Really hate this but not surprised to see it. At work we've strived to stop our vendors doing this but they simply don't get it. If they find a marginal part during their n seconds of low-stress testing, we are going to see that same failure within a few minutes of turning the full product on. We don't want those parts! Happily pay to not have those parts, the re-work cost of a fully assembled board is huge.

ak217 · on June 9, 2022

It's great that they're focusing on eliminating physical defects and it makes sense that an EE industry publication would focus on that topic, but I think improving the firmware engineering process (better testing, stricter software architecture standards, better fuzzing and simulation) is probably a higher priority in most automotive applications right now.

imglorp · on June 9, 2022

Yes and formal verification; it's been around since the 90's. And now we even have high level tools like TLA+ available to reason about distributed system requirements.

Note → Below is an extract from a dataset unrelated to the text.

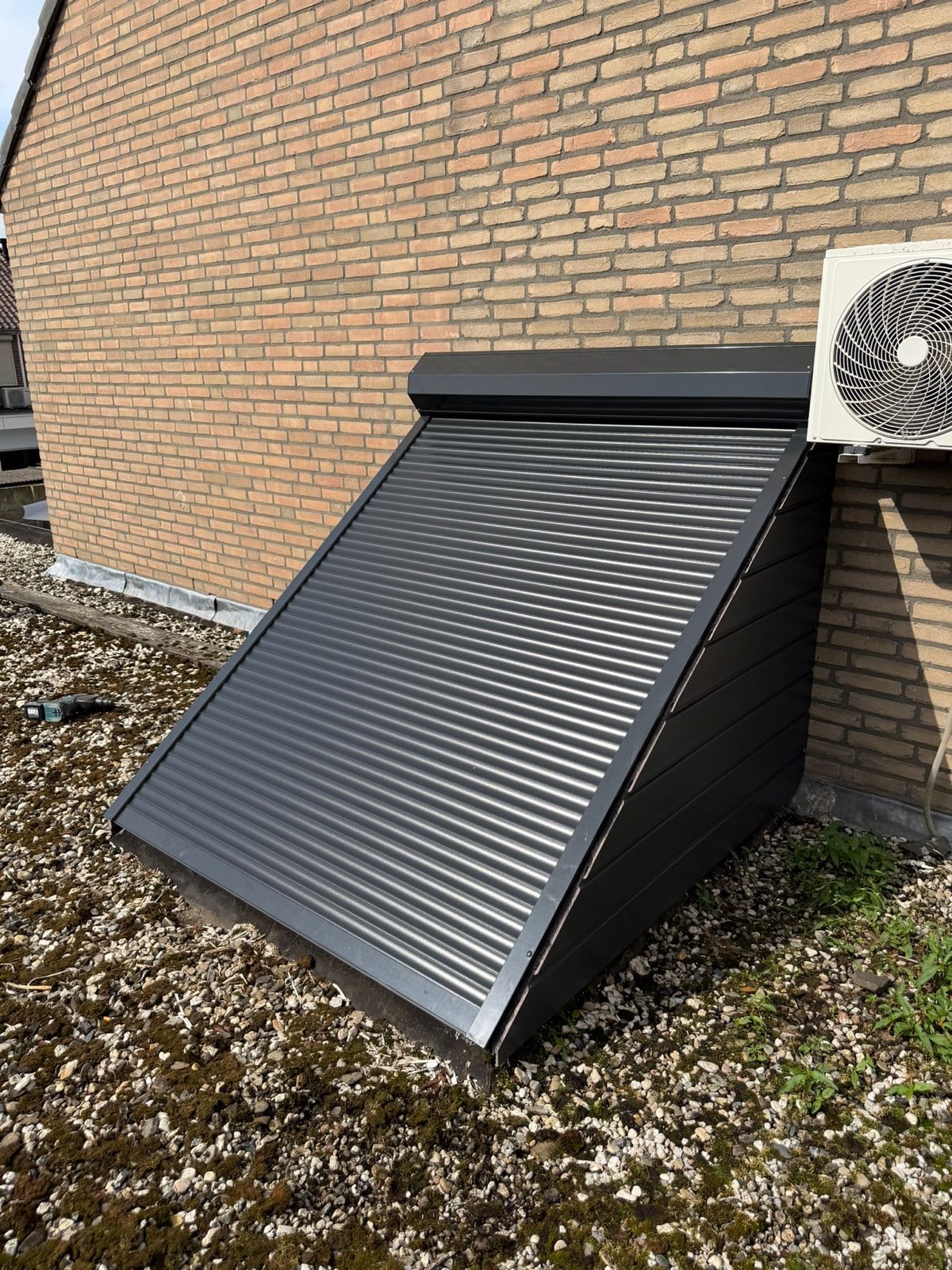 Rolluik op maat, strak weggewerkt in een antracietkleurige opbouw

And while we're at it, the full force of standard software engineering principles for automotive firmware. Remember what they found when they examined the Toyota code. https://www.edn.com/toyotas-killer-firmware-bad-design-and-i...

londons_explore · on June 9, 2022

I'd like to see more research into electrical self-testing.

For example, wire bonds on an IC can be tested by injecting 100 GHz+ signals through the bond and looking at reflections.

Every IC could be designed to do that on every pin (IO and power), which would test everything external to the IC, and some internal IC components like pin drive MOSFETs.

The resulting data can be checked for similarity to 'master' data of known-good units, or even simulations.

This could happen once in the factory, or even potentially on every power up when the device is in the field.

metaphor · on June 9, 2022

Are you alluding to e.g. IEEE 1149.6[1] and IEEE 1687[2], or something different?

[1] https://standards.ieee.org/ieee/1149.6/4706/

[2] https://standards.ieee.org/ieee/1687/3931/

mike50 · on June 10, 2022

Copy paste of mil/areo with a dash of space. I can't wait for my car to be 20 years out of date and cost 500,000USD.